-- Study material follows --

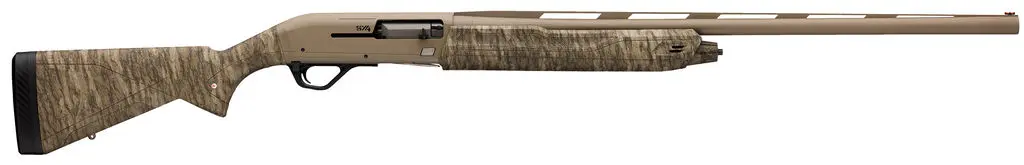 A detailed image of a hunting rifle with a wooden stock and long barrel.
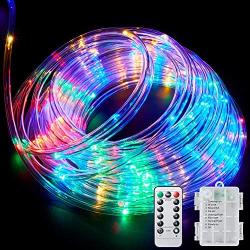 Ollivage LED Rope Lights Outdoor String Lights Battery Powered with Remote Control, 8 Modes Color Changing Waterproof LED Strip Lights Fairy Lights 40Ft for Christmas Party Camping Decoration, 1 Pack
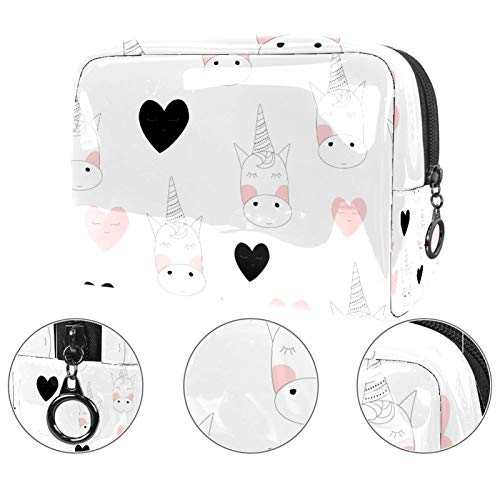Bolsa de maquillaje portátil con cremallera, bolsa de aseo de viaje para mujer, práctica bolsa de almacenamiento cosmético, diseño de unicornio blanco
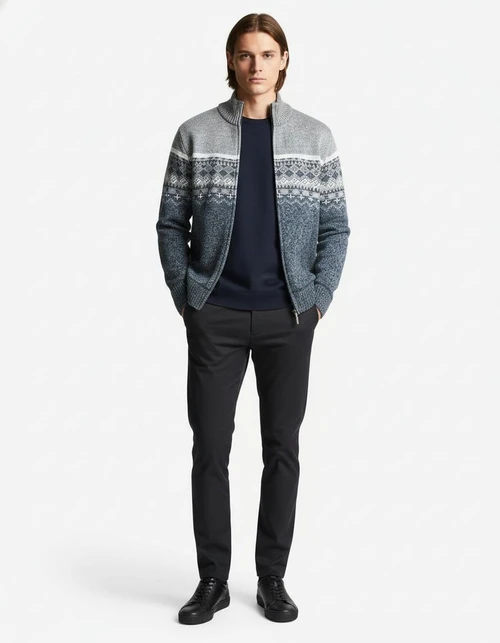 Men's Fashion Slim Fit Jacquard Knit Cardigan Sweater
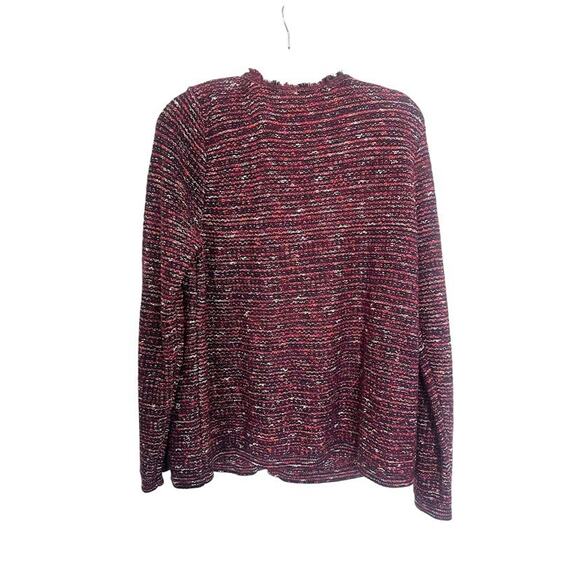 J.Jill Tweed Sweater Cardigan Size Large Burgundy Fringe Knit Blazer Career - Picture 4 of 11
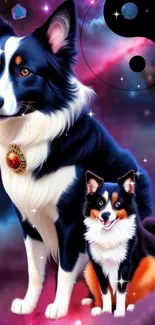 Cosmic dogs in galaxy with yin-yang symbol, vibrant colors.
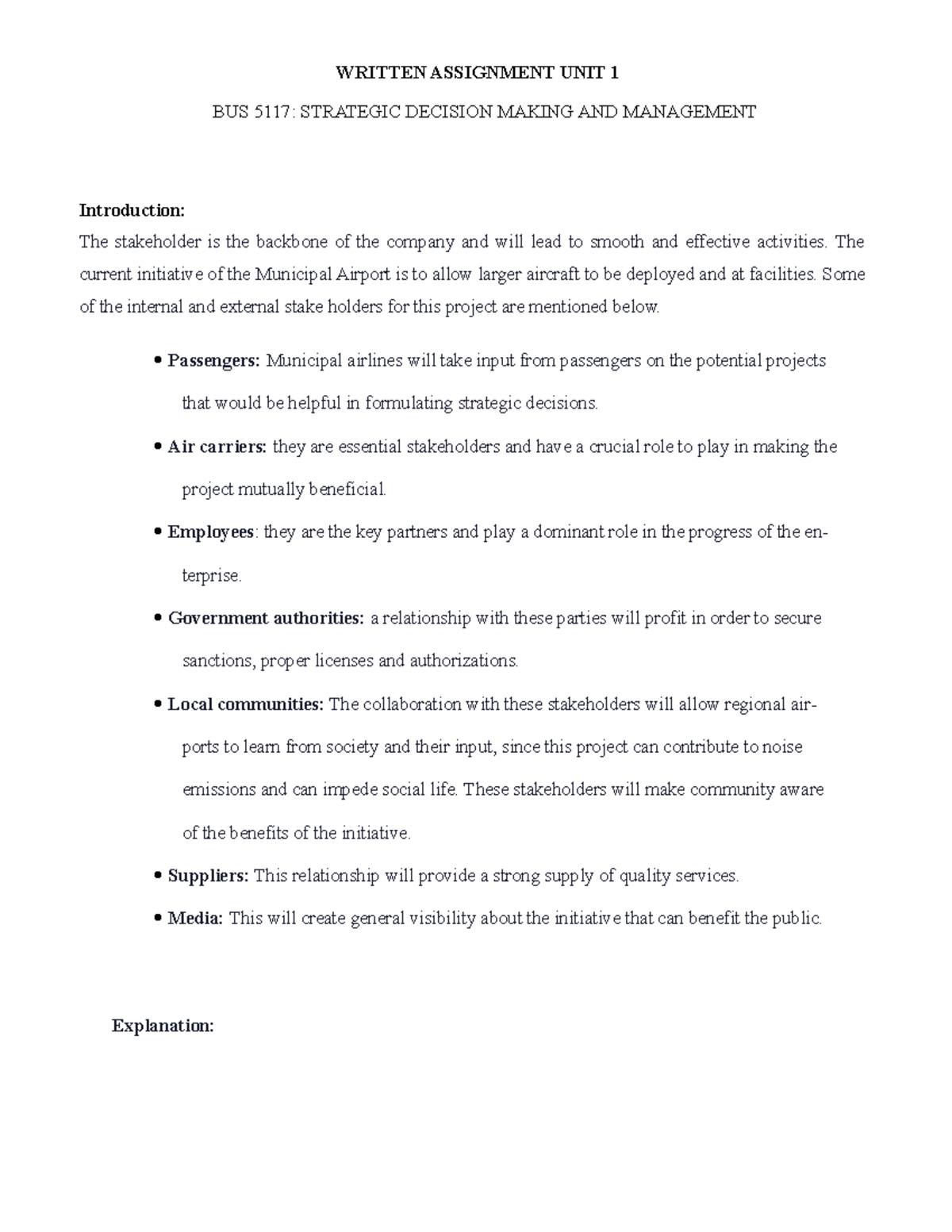 Written Assignment Strategic Decision Making AND Management Unit 1 ...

-- Study material concluded --

◆ Instructions to follow ◆
Retype exactly the lines from the one containing "Men's Fashion Slim" through the last line of the records above, both included, and leave out any pictures.

◆ Exercise solution ◆
 Men's Fashion Slim Fit Jacquard Knit Cardigan Sweater
 J.Jill Tweed Sweater Cardigan Size Large Burgundy Fringe Knit Blazer Career - Picture 4 of 11
 Cosmic dogs in galaxy with yin-yang symbol, vibrant colors.
 Written Assignment Strategic Decision Making AND Management Unit 1 ...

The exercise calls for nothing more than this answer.